Supplementary Note by Mind
Extract From a Letter to the Clerk of the Committee
I am writing, as promised, to clarify one or two
points on the evidence already given by Mind in relation to voter
registration of people with mental health problems.
Our overall aim is to ensure that the many thousands
of hospital patients who currently find themselves effectively
disenfranchised are included on the electoral register. In my
written and oral evidence I proposed that the bar on use of the
hospital address for registration purposes should be abolished
for both voluntary and detained patients. In its place there should
be a system of registration either at a former address (as for
overseas voters) or at the hospital. The patient's declaration
system (RPF35) should also be abolished.
I am not sure however that I made clear our view
on how these options should fit together. Our view is:
1. That all patients (other than clearly very
short stay patients able to register elsewhere) should be automatically
registered at the hospital address. There should be a new duty
on electoral registration officers under section 10 of the Representation
of the People Act 1983 to ensure that effective registration of
this group does occur (at present the duty to compile an effective
register excludes voluntary patients). If people left the hospital
before an election then a rolling register would help them re-register
at that stage at their home address.
2. For confidentiality reasons it may be necessary
to include this group of voters under "other voters"

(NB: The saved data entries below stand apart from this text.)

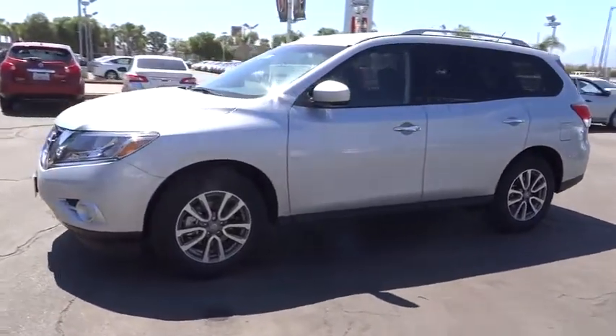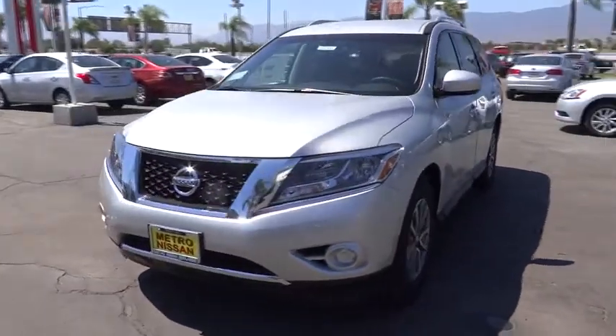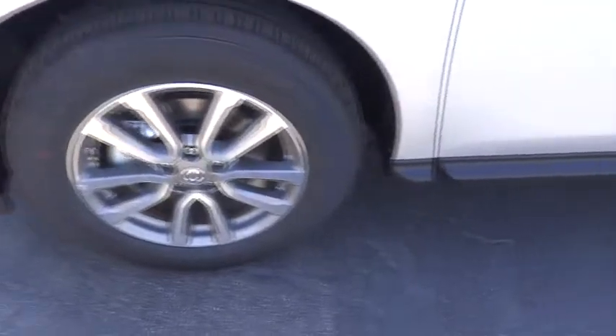Driver airbag, four-wheel disc brakes, cruise control, aluminum wheels, climate control, FWD, AM FM stereo radio, rear defrost, MP3 player, bucket seats, power door locks, CD player.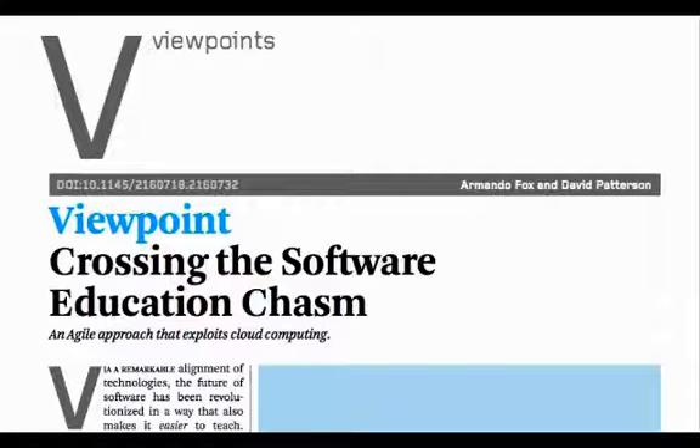Hi, this is David Patterson and Armando Fox from UC Berkeley. This article is appearing in the May issue of Communications of the ACM, and this video is associated with it. If you're not viewing this from the ACM website, you can find it at sasbook.info, a preprint of the article.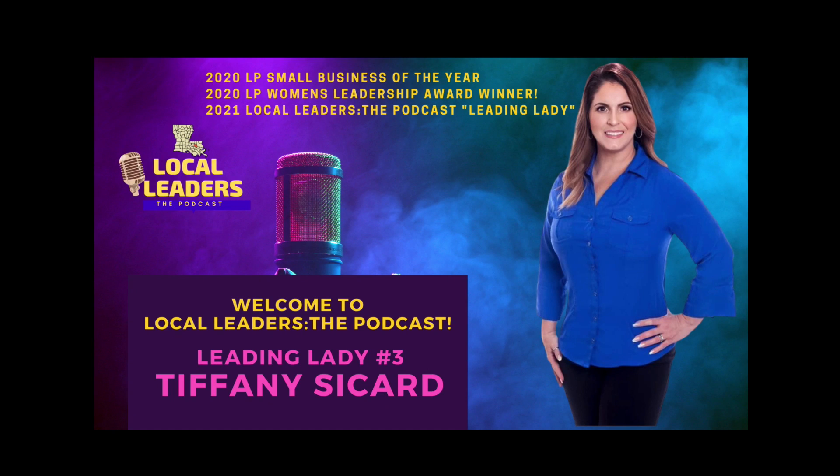Hi, this is Tiffany Seacard with Home Key Mortgage, and you're listening to Local Leaders, the podcast. Every business owner has a story. Let Jim Chapman tell yours.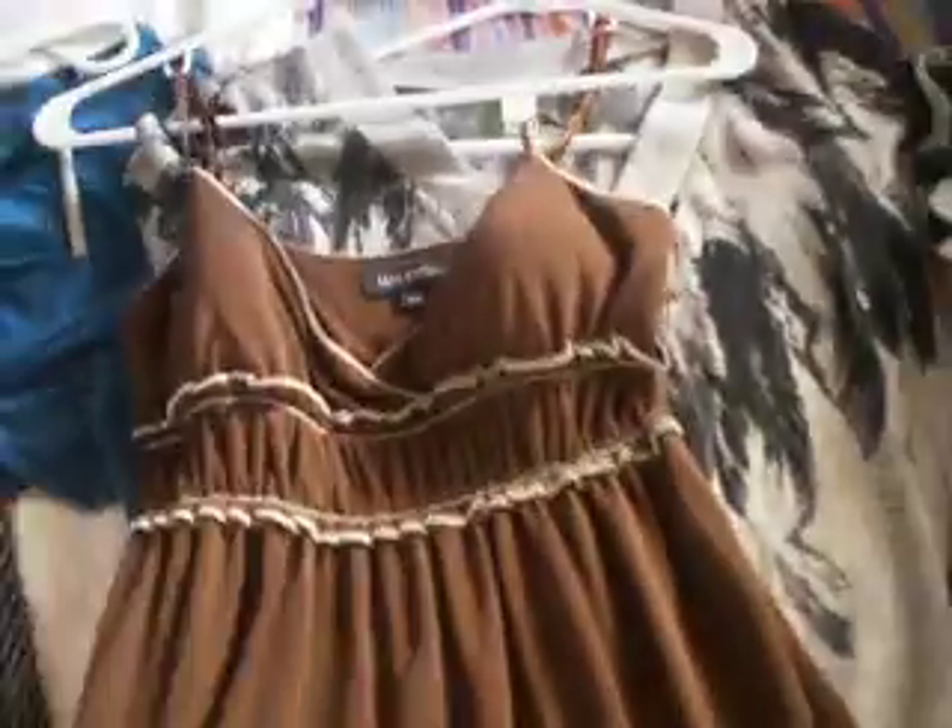The next dress is a brown dress. It's just brown with some light brown trimmings on it. This is Max edition and it's an extra small. It's really pretty.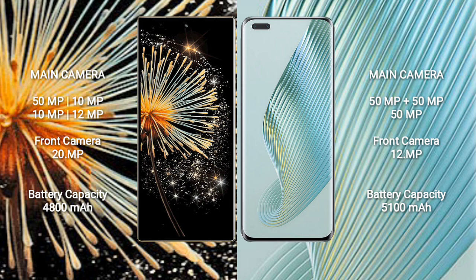Xiaomi Mix Fold 3 features a quad rear camera setup: 50MP, 10MP, 10MP, and 12MP, plus a 20MP front camera. Honor Magic 5 Pro features a triple rear camera setup: 50MP, 50MP, and 50MP, with a 15MP periscope lens, and a 12MP front camera.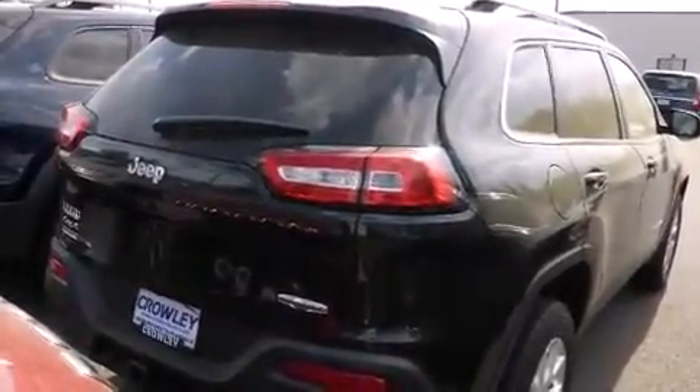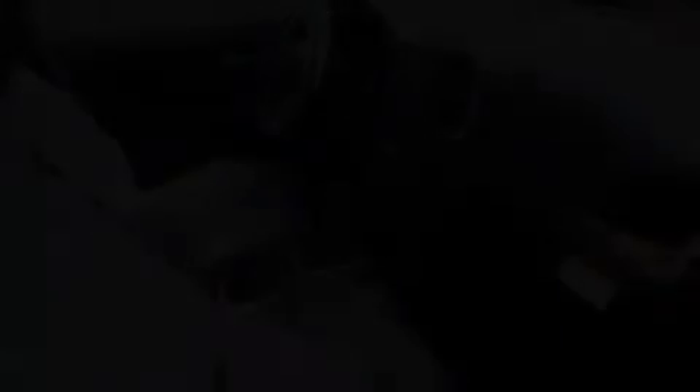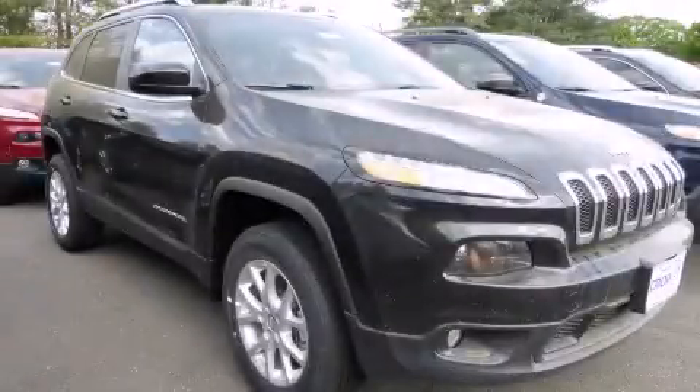With an EPA estimated rating of 27 miles per gallon on the highway, it's easy to see how you can save. Contact us today to arrange your test drive.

rather than under the hospital address on the face of the register.
3. It should be open to patients to register
at an address outside the hospital where they had lived in the
previous 20 years (as for overseas voters) if they wished to do
so, eg because they identified more with that area as being home.
We accept that this may lead to people being registered at more
than one place. However, this already happens in the case of students.
As the committee will be aware it is not an offence to be registered
more than once as long as only one vote is cast.
We would also like to see consultation and discussion
between the Home Office, electoral administrators, voluntary organisations
such as Mind and users of mental health services and their representatives
before the details of any system are finalised.